We're not replacing the billable hour - we're just adding five other ways to charge on top of it.
February 1, 2026
Insights

A month ago, I was on a call with the head of pricing at a top 20 UK firm. She told me something that's stayed with me: "We're not replacing the billable hour. We're just adding five other ways to charge on top of it."

That's the reality of legal pricing in 2026. The conversation about hourly versus fixed fees misses the point entirely. What's actually happening is messier, more interesting, and much harder to manage.

The hybrid model is already here

Much of the commentary on legal pricing treats it as a binary choice: either you bill by the hour, or you move to alternative fee arrangements. But walk into any BigLaw finance team today and you'll find something completely different.

On a single transaction, you might run hourly rates for due diligence, a capped fee with a collar for SPA negotiations, a fixed fee for completion work, and a success premium if the deal closes. That's four different pricing structures on one matter, often with the same team working across all of them.

But without the right systems, pricing these structures consistently - and knowing whether you're protecting margin - is nearly impossible.

The opportunity in alternative fees

AI is making legal work more predictable. When you can use AI to absorb scope creep, handle unexpected document volumes, or streamline due diligence, a fixed fee stops being a risk and starts being an opportunity. The efficiency gains are real. Firms need to decide who captures them - and structure pricing accordingly.

AI doesn't make all legal work equally predictable. Document review, due diligence, disclosure exercises - these are workstreams where AI and process engineering can deliver step-change improvements in speed and consistency. Other elements of the same matter - negotiations, strategic advice, novel legal questions - remain heavily dependent on senior judgement and can't be standardised in the same way.

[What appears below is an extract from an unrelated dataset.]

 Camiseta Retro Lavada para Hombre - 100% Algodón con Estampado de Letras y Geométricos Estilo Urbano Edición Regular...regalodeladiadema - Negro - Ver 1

The next wave of alternative fee arrangements isn't happening at the matter level. It's happening at the workstream level. Firms are isolating the components of work that AI has made predictable, pricing those as fixed fees, and preserving hourly billing for everything else. That way, they capture value from their technology investment without taking on unquantifiable risk.

Under hourly billing, efficiency gains belong entirely to the client - fewer hours means lower fees. Under alternative fee arrangements, firms can share in the value they create through better delivery models. If you've invested in AI, rebuilt your workflows, and can now deliver the same outcome in 60% of the time, why shouldn't some of that benefit accrue to you?

What firms actually need

But even within those AI-optimised workstreams, complex work is rarely one size fits all. A due diligence exercise on a simple acquisition with a clean data room isn't the same as one involving cross-border regulatory complications and red flags. Both are predictable enough to merit fixed pricing. But they're not the same price.

If you're running blended pricing models - and many firms now are - you need three capabilities that traditional pricing tools don't provide.

First, you need to systematise workstream-level pricing logic. When AI has made specific elements of work predictable enough for fixed fees - but those elements still vary in scope, complexity, or risk - you can't rely on partners remembering which conditions trigger which price. The pricing intelligence needs to be embedded in the system.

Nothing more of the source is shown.